Task to carry out -
The word "Video" may appear in some lines of the data; copy every such line.

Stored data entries

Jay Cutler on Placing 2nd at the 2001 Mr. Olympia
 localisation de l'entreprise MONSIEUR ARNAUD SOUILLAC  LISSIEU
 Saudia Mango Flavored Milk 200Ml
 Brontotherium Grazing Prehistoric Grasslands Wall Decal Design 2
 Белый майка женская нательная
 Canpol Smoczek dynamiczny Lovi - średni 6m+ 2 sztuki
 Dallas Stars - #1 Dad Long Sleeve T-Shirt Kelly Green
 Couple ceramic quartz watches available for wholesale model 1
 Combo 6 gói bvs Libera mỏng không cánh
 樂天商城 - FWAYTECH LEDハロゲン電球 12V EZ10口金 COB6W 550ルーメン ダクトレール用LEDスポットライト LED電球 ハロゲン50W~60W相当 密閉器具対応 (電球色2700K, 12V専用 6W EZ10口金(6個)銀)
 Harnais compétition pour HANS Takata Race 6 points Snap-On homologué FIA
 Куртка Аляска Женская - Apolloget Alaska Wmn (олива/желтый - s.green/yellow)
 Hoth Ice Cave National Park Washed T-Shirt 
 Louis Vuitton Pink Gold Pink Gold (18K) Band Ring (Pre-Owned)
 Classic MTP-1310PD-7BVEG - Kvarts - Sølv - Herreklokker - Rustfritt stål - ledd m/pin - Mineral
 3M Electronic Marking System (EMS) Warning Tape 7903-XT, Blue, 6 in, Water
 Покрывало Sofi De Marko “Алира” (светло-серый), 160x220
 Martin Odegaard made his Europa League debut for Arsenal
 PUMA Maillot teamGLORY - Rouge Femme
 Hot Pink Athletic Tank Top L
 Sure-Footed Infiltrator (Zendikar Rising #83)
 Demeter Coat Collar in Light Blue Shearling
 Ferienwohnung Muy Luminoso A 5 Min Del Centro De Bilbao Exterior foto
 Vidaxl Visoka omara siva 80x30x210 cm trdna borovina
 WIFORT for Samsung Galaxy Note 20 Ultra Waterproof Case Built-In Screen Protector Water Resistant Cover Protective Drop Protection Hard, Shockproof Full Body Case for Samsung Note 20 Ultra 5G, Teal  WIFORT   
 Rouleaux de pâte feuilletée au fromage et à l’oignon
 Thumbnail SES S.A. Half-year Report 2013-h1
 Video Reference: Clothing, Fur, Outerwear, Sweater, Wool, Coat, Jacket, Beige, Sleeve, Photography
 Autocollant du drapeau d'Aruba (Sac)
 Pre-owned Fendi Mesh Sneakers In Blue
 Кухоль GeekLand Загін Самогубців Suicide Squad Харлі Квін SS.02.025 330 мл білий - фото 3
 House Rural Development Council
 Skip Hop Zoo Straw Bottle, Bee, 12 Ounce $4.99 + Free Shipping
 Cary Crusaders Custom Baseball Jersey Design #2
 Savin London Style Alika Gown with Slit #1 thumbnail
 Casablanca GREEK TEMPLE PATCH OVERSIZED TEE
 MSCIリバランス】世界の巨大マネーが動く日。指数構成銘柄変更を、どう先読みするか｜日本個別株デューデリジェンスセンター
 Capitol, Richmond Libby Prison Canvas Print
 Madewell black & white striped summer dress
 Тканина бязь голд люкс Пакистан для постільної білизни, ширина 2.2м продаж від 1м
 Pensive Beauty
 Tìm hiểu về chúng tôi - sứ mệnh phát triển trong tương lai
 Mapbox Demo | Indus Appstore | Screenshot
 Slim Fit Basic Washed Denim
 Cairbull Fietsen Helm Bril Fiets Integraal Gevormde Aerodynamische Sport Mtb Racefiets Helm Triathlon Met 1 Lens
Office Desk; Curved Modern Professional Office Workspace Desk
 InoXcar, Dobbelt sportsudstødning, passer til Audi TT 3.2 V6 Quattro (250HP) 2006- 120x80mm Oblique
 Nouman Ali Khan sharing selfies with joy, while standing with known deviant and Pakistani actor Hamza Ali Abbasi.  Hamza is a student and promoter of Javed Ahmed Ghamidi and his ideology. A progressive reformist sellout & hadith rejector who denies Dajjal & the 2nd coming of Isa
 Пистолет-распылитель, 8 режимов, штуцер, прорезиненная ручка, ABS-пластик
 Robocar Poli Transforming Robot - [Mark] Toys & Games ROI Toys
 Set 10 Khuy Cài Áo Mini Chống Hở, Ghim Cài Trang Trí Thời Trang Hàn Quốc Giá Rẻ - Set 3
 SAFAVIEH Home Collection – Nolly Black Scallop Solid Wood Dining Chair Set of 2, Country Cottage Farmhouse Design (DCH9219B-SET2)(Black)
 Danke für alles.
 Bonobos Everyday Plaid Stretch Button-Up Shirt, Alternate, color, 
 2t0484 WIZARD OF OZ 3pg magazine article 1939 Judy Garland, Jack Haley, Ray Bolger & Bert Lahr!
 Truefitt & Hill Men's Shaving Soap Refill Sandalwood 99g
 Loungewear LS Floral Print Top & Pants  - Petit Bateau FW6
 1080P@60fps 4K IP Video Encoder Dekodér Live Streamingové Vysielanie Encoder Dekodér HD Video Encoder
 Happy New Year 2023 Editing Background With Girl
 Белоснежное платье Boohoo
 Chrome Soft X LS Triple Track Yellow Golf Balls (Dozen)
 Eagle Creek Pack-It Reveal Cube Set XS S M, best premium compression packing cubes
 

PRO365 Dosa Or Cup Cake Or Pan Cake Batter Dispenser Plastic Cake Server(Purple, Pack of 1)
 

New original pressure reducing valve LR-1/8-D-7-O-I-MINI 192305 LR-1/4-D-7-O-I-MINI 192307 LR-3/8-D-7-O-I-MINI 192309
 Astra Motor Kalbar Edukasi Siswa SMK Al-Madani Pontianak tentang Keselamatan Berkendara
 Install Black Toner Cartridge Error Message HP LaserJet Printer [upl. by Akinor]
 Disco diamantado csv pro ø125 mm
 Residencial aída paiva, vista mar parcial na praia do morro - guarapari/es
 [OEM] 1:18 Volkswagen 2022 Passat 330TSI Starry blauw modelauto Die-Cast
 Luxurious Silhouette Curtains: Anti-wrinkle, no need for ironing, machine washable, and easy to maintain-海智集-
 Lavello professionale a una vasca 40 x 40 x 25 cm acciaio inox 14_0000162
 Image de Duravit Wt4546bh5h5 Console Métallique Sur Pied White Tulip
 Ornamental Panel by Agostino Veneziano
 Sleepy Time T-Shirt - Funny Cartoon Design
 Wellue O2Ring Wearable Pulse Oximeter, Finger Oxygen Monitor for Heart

Output for this exercise -
 Video Reference: Clothing, Fur, Outerwear, Sweater, Wool, Coat, Jacket, Beige, Sleeve, Photography
 1080P@60fps 4K IP Video Encoder Dekodér Live Streamingové Vysielanie Encoder Dekodér HD Video Encoder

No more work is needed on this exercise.